The Green Party says direct payments to New Zealanders would have provided better support than a temporary cut in fuel tax.
“Providing direct payments to people through the welfare system or via a tax credit would have given people the support they need to pay the bills, whether it’s putting petrol in the car or feeding their whānau,” says James Shaw, Co-leader of the Green Party.
“Everyone should have what they need to make ends meet. But right now, far too many are shouldering the burden of rising prices for the basics, especially those on the lowest incomes.
“Urgent action is clearly needed to address the worsening inequality crisis in Aotearoa New Zealand.
“We are delighted at the move to halve public transport fares for the next three months. This will give hundreds of thousands of New Zealanders cheaper options to get around.
“We also recognise that cutting fuel tax will be a welcome relief to a lot of people. While some Government systems are so cumbersome they can’t move quickly enough to deal with what is a very pressing need, boosting people’s incomes would have had the same impact while also helping to meet the costs of other essentials, like food.
“New Zealand has some of the lowest petrol taxes in the OECD, but some of the highest prices of fuel excluding tax. In other words, fuel tax isn't necessarily the problem.
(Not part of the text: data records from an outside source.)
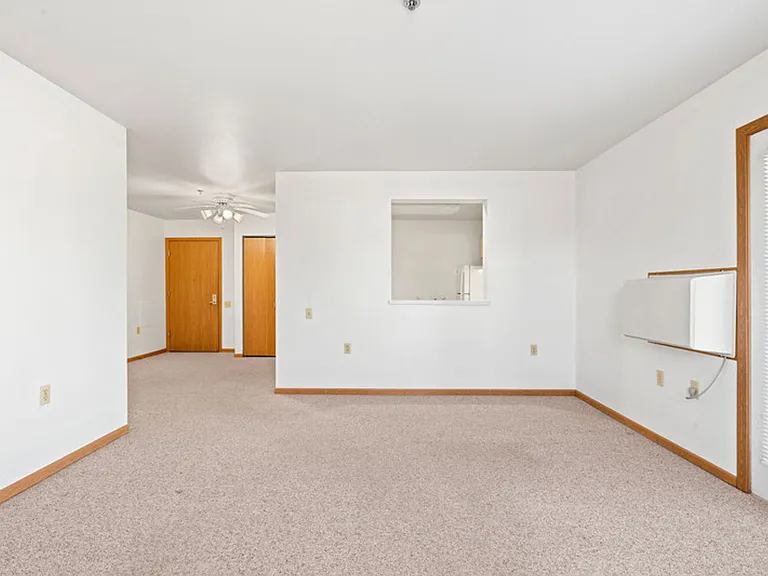 1085 Jaystone Ter — Photo 8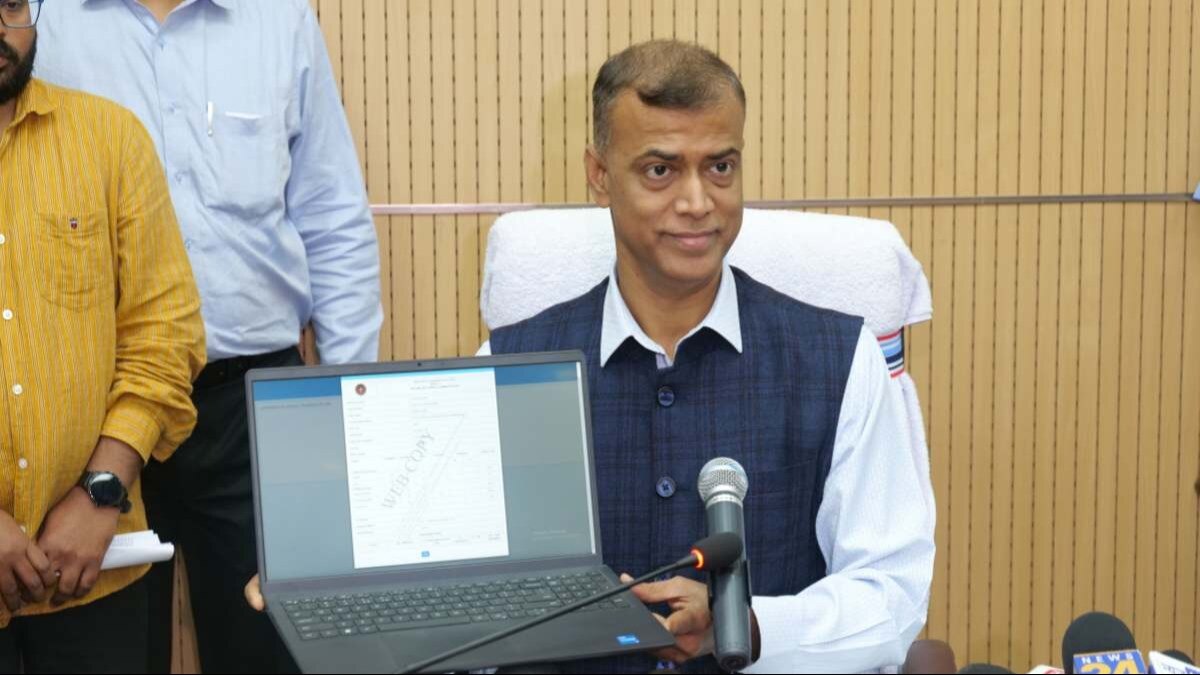 बिहार बोर्ड अध्यक्ष आनंद किशोर की फाइल फोटो (फोटो सोर्स - ट्विटर बिहार बोर्ड)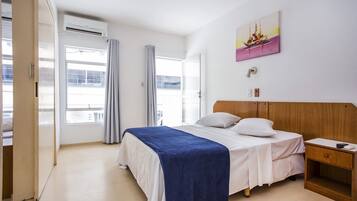 Familjelägenhet | Minibar, skrivbord, mörkläggningsgardiner och gratis barnsängar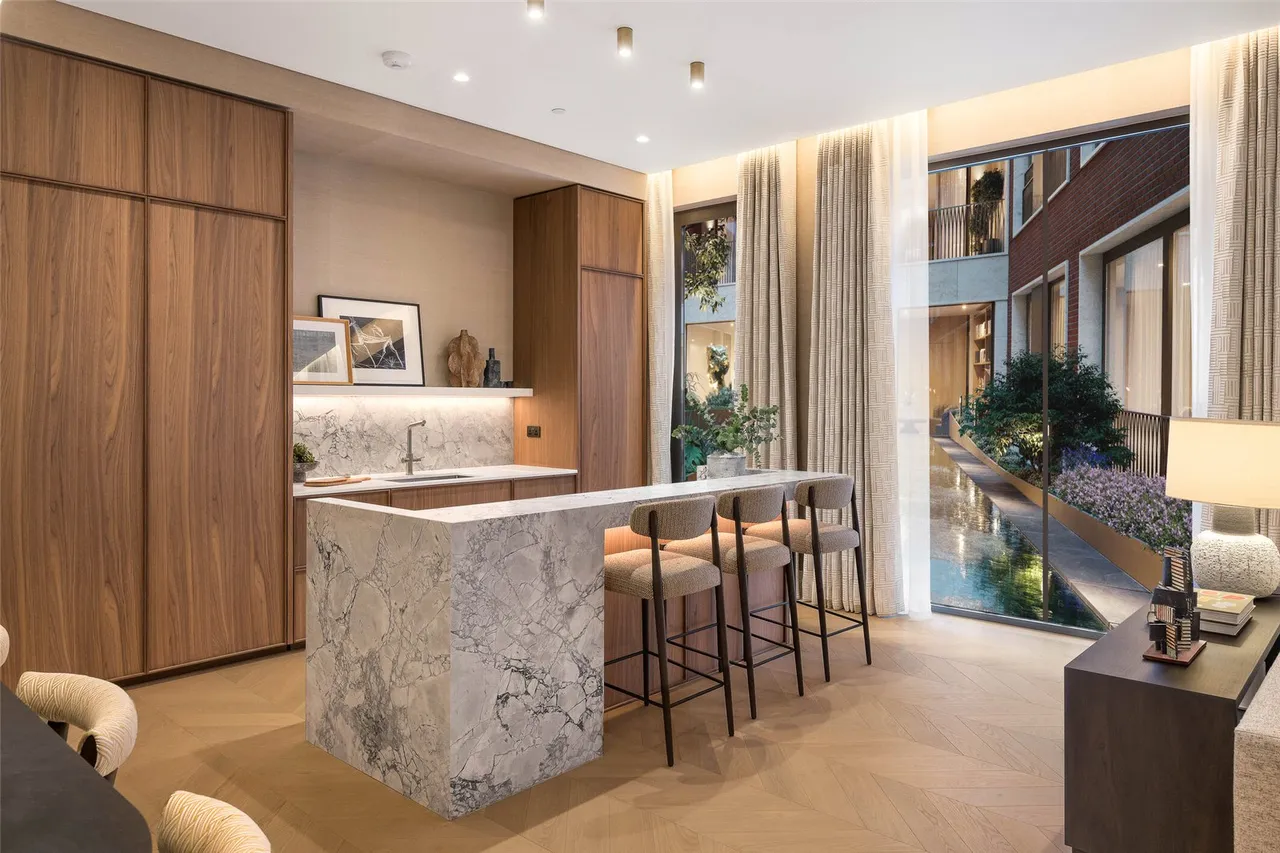 One Carrington Street, Mayfair, W1J, photo 5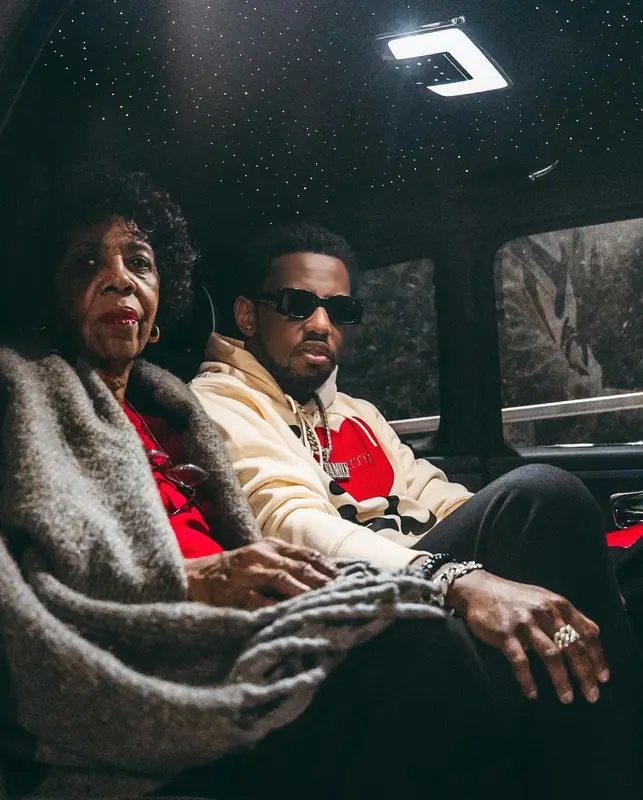 Fabolous outfit in Kith, Converse, and Advisory Board Crystals, 2022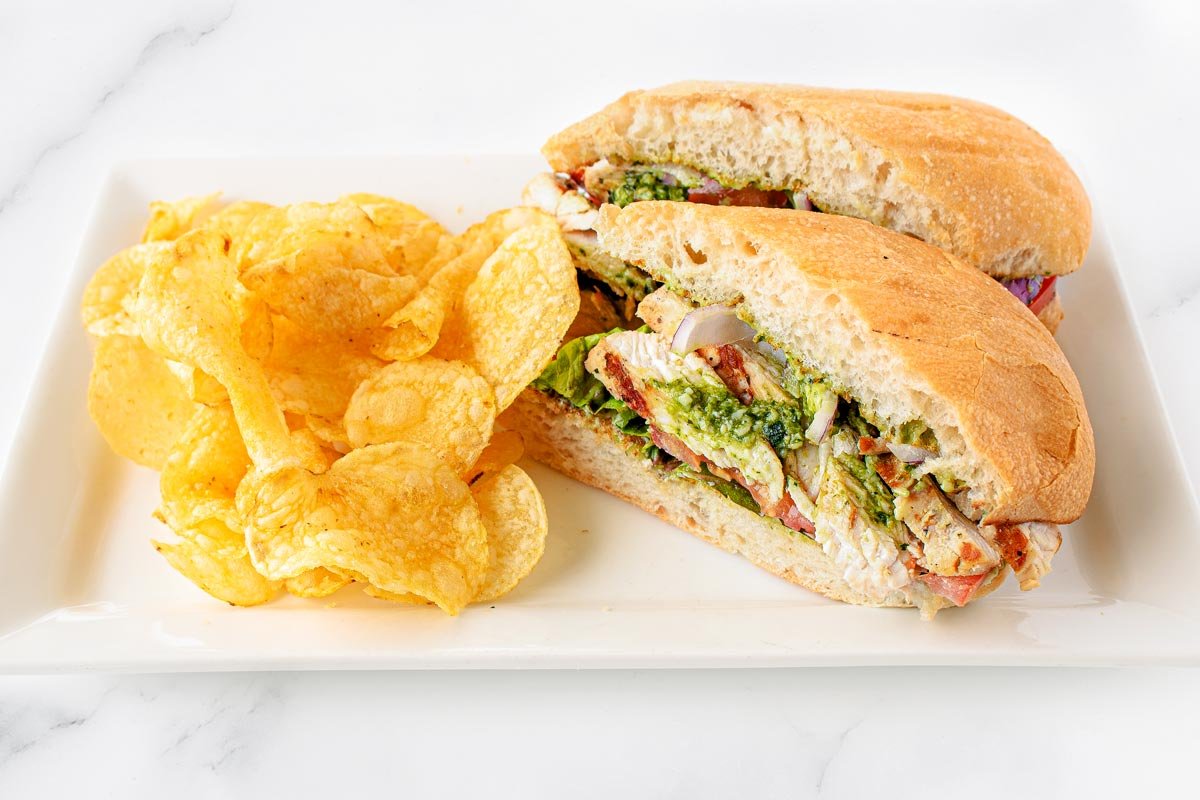 Handhelds_OLO_chickenpesto.jpg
And there’s no guarantee the petrol companies won’t simply absorb the tax reduction into their profit margins.
“Over the long-term, the most effective way we can ease the pressure people face at the pump is to move away from our heavy fossil fuel dependence.
“We will keep working to build a future where vehicles are powered by electricity; towns and cities connected by affordable public transport; and there are safe options to walk and cycle,” says James Shaw.